━━━ Task material ━━━
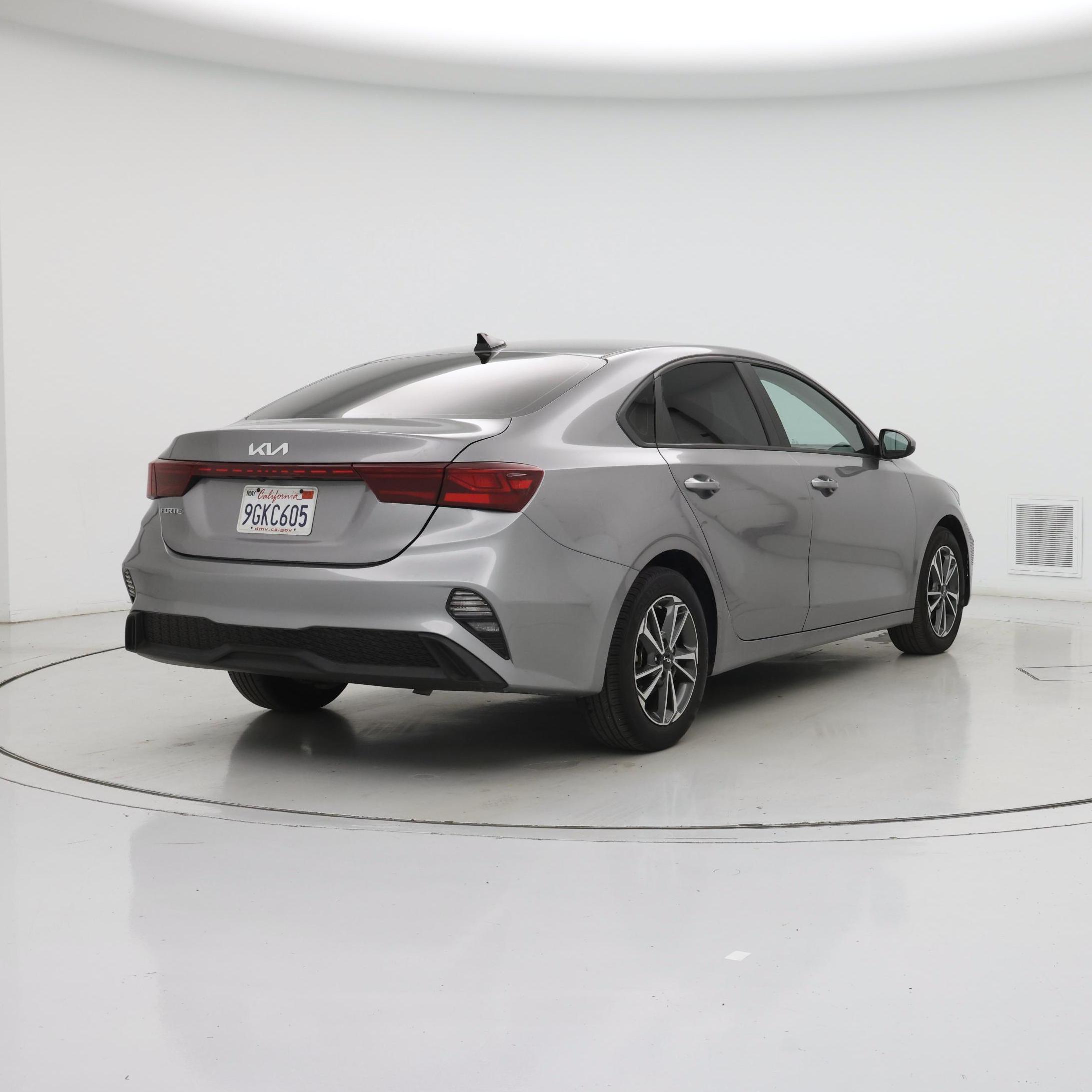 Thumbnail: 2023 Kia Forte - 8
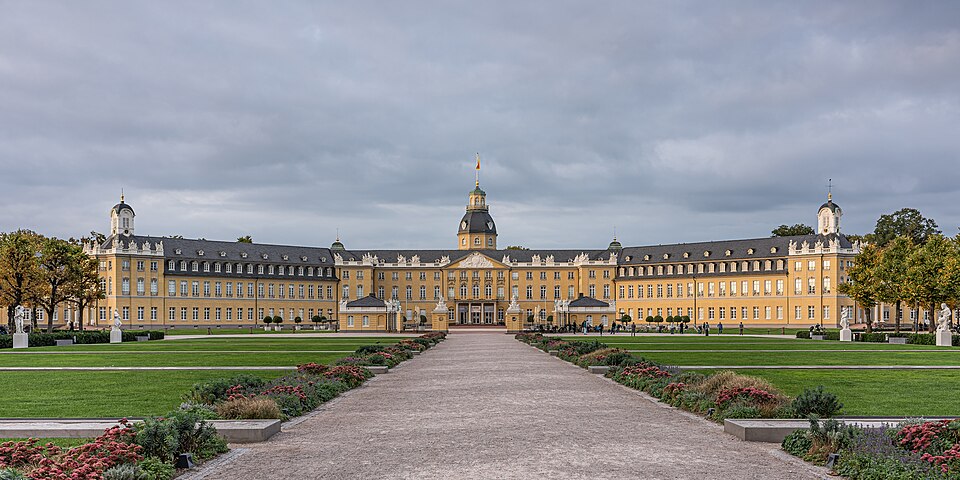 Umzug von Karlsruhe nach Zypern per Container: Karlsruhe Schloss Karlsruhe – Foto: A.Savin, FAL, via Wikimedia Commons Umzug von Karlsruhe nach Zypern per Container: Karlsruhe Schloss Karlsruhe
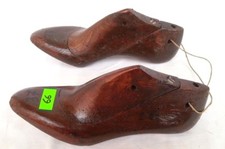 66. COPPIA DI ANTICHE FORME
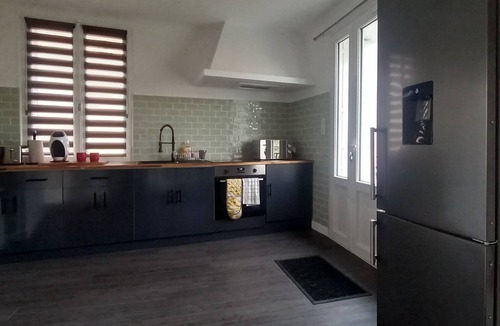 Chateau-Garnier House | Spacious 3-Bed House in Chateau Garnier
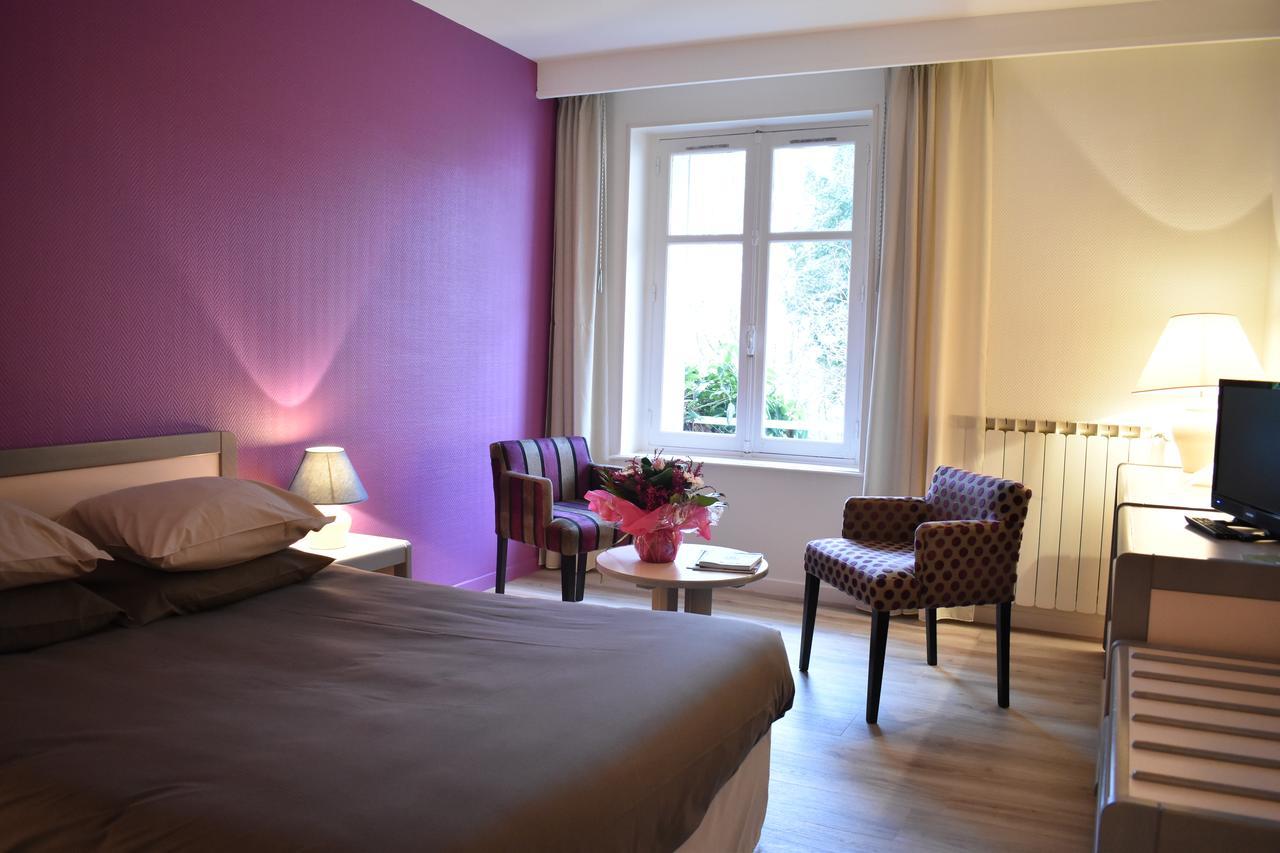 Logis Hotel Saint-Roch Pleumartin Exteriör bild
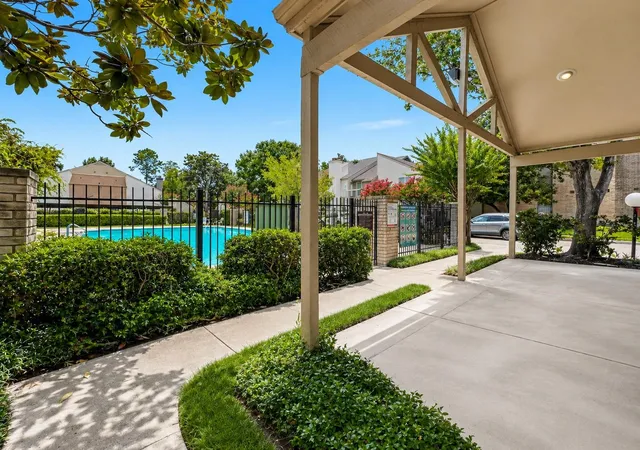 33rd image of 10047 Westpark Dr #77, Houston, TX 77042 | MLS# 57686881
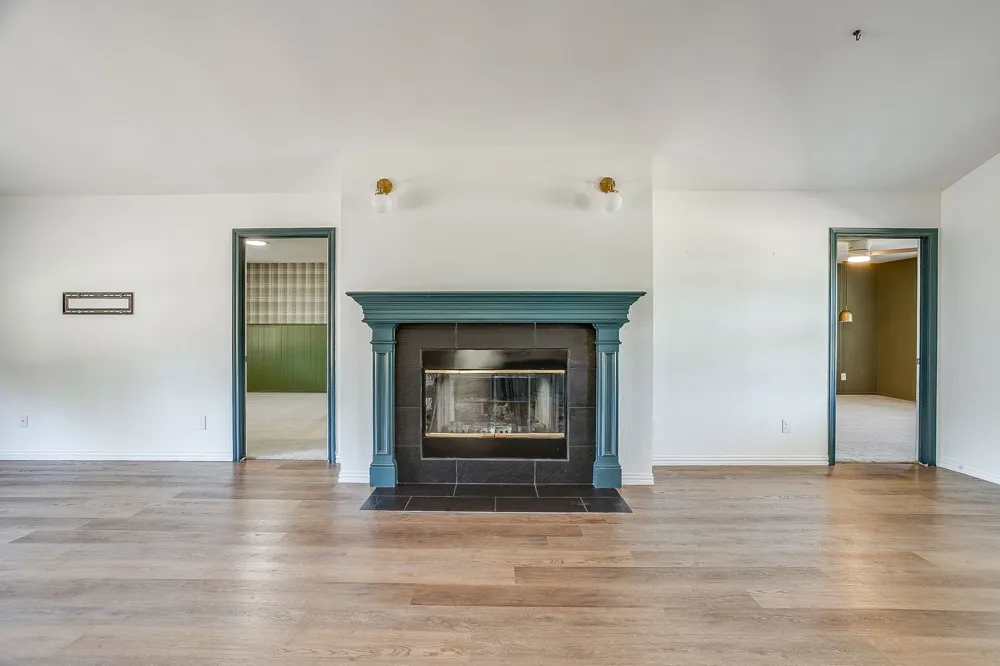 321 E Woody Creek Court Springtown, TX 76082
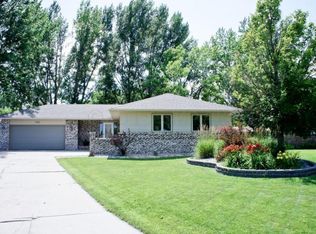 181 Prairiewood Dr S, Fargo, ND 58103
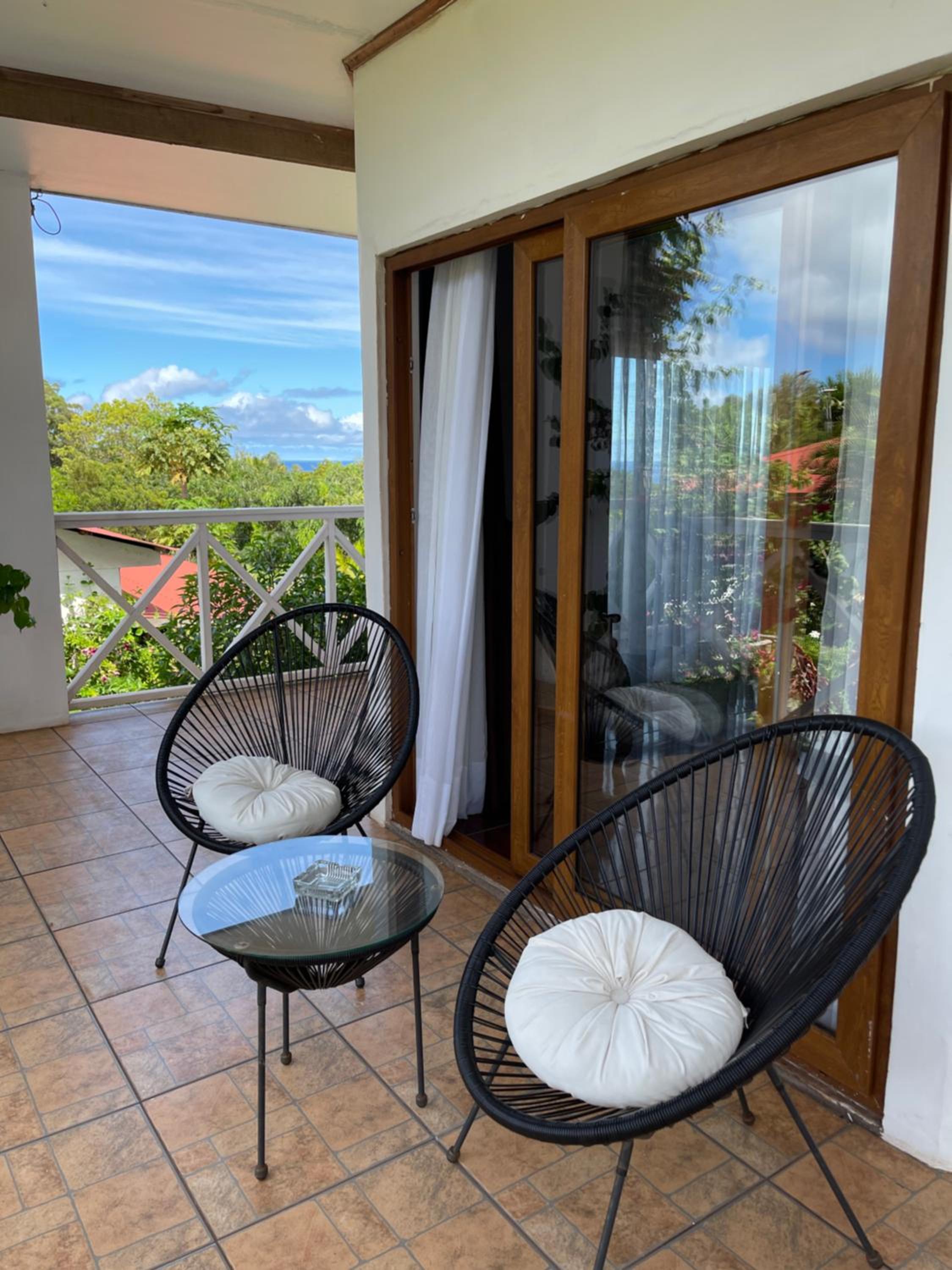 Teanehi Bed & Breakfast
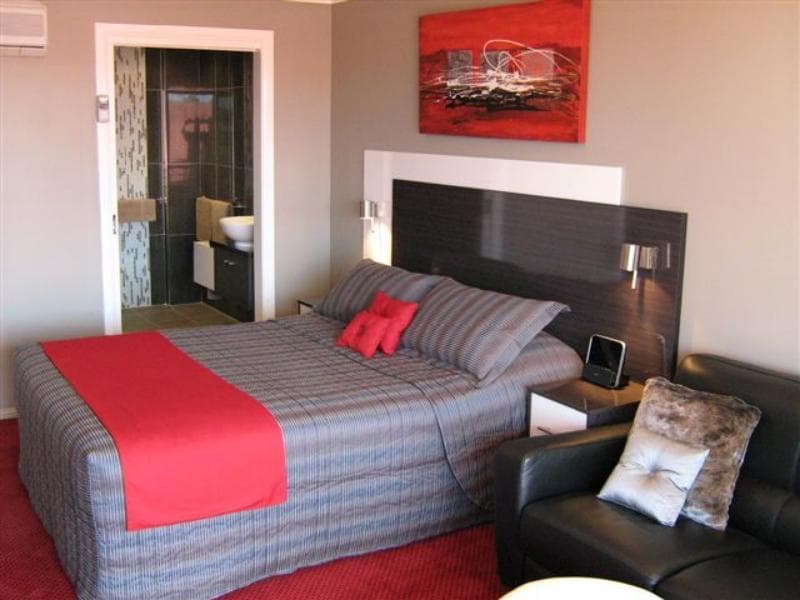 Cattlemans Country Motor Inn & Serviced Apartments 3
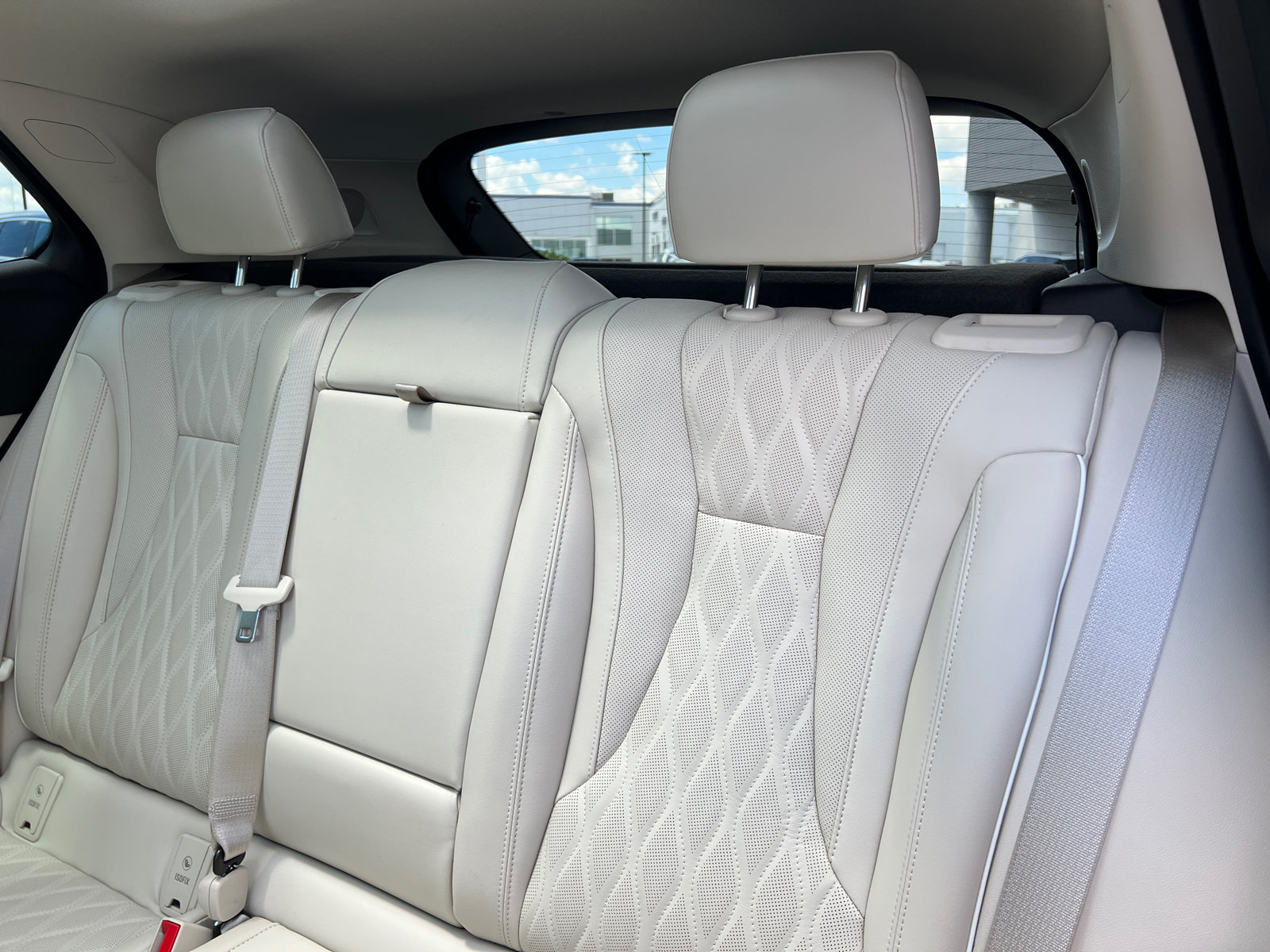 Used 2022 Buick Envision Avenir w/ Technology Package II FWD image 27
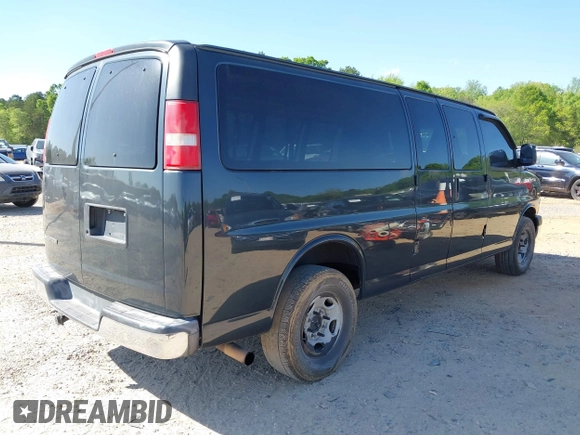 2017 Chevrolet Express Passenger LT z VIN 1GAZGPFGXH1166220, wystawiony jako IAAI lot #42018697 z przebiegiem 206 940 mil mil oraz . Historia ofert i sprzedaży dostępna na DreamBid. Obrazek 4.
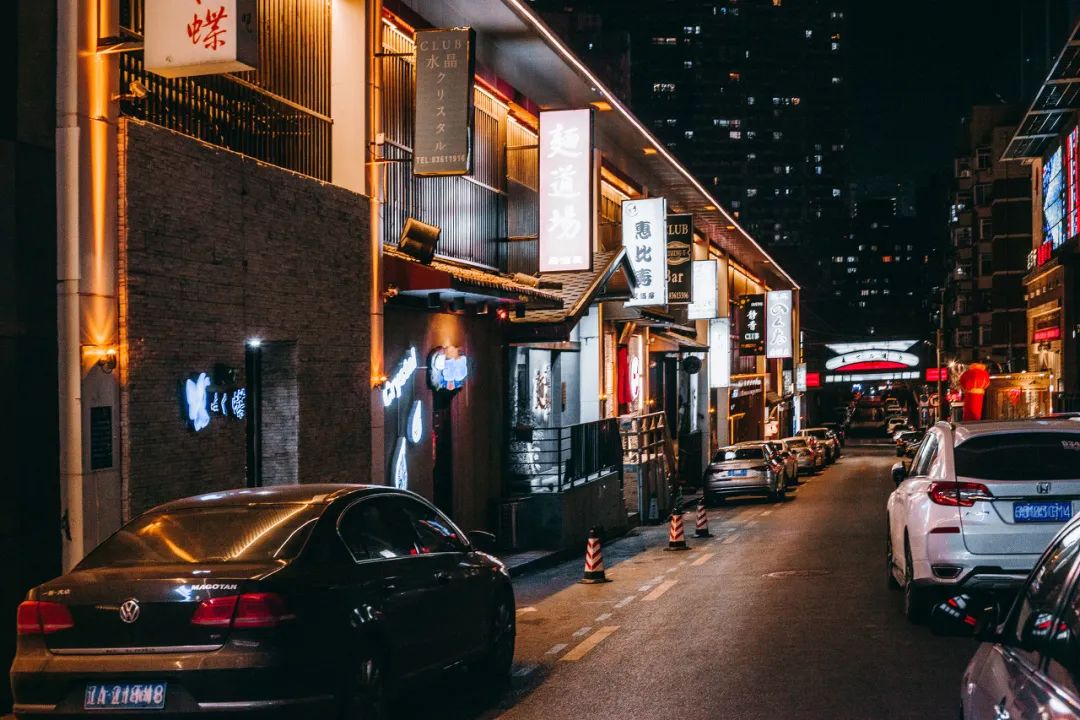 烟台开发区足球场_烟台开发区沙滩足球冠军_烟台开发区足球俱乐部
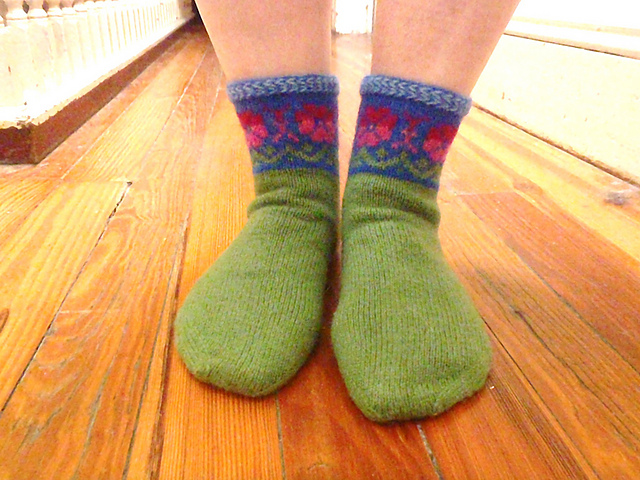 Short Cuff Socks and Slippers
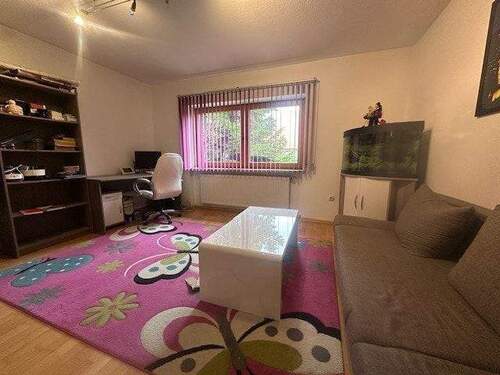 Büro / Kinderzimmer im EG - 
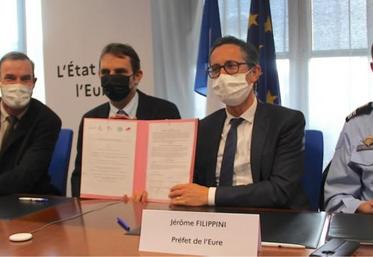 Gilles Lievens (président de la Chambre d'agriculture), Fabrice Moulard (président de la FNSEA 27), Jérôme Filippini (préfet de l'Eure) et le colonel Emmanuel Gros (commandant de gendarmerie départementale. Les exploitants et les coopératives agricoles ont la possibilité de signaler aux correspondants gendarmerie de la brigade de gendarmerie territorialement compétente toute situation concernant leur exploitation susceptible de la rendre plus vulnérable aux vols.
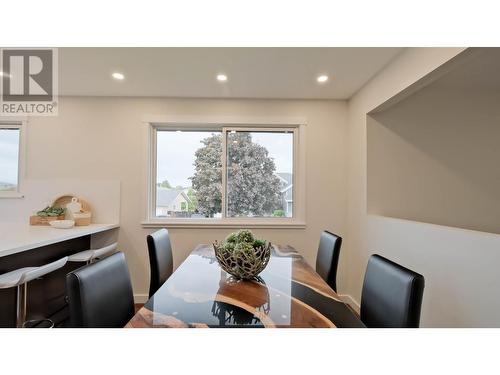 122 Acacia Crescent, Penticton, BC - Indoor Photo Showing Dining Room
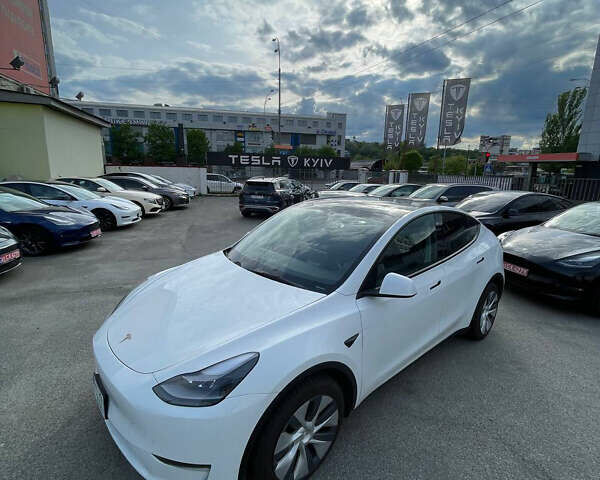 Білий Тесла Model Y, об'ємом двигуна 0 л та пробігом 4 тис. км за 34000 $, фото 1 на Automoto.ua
━━━
* Assignment
Apart from the pictures, which are to be omitted, every record must be transcribed exactly.

* Task result
 Thumbnail: 2023 Kia Forte - 8
 Umzug von Karlsruhe nach Zypern per Container: Karlsruhe Schloss Karlsruhe – Foto: A.Savin, FAL, via Wikimedia Commons Umzug von Karlsruhe nach Zypern per Container: Karlsruhe Schloss Karlsruhe
 66. COPPIA DI ANTICHE FORME
 Chateau-Garnier House | Spacious 3-Bed House in Chateau Garnier
 Logis Hotel Saint-Roch Pleumartin Exteriör bild
 33rd image of 10047 Westpark Dr #77, Houston, TX 77042 | MLS# 57686881
 321 E Woody Creek Court Springtown, TX 76082
 181 Prairiewood Dr S, Fargo, ND 58103
 Teanehi Bed & Breakfast
 Cattlemans Country Motor Inn & Serviced Apartments 3
 Used 2022 Buick Envision Avenir w/ Technology Package II FWD image 27
 2017 Chevrolet Express Passenger LT z VIN 1GAZGPFGXH1166220, wystawiony jako IAAI lot #42018697 z przebiegiem 206 940 mil mil oraz . Historia ofert i sprzedaży dostępna na DreamBid. Obrazek 4.
 烟台开发区足球场_烟台开发区沙滩足球冠军_烟台开发区足球俱乐部
 Short Cuff Socks and Slippers
 Büro / Kinderzimmer im EG - 
 Gilles Lievens (président de la Chambre d'agriculture), Fabrice Moulard (président de la FNSEA 27), Jérôme Filippini (préfet de l'Eure) et le colonel Emmanuel Gros (commandant de gendarmerie départementale. Les exploitants et les coopératives agricoles ont la possibilité de signaler aux correspondants gendarmerie de la brigade de gendarmerie territorialement compétente toute situation concernant leur exploitation susceptible de la rendre plus vulnérable aux vols.
 122 Acacia Crescent, Penticton, BC - Indoor Photo Showing Dining Room
 Білий Тесла Model Y, об'ємом двигуна 0 л та пробігом 4 тис. км за 34000 $, фото 1 на Automoto.ua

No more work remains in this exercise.